» **Work task**
If a line in the records below contains "hambre", copy that line.

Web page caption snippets
=== Section Start ===

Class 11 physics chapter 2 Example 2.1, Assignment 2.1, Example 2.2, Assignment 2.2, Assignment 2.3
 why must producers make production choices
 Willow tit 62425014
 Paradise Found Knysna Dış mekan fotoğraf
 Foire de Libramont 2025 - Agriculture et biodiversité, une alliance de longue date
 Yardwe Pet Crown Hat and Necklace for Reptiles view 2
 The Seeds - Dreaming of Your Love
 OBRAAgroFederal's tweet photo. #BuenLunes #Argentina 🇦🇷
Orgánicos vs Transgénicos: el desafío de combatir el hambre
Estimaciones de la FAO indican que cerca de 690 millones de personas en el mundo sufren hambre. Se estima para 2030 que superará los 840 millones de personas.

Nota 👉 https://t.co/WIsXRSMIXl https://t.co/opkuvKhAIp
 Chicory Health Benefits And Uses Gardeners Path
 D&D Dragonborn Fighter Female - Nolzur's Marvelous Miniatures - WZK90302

=== Section End ===

» **Task answer**
Orgánicos vs Transgénicos: el desafío de combatir el hambre
Estimaciones de la FAO indican que cerca de 690 millones de personas en el mundo sufren hambre. Se estima para 2030 que superará los 840 millones de personas.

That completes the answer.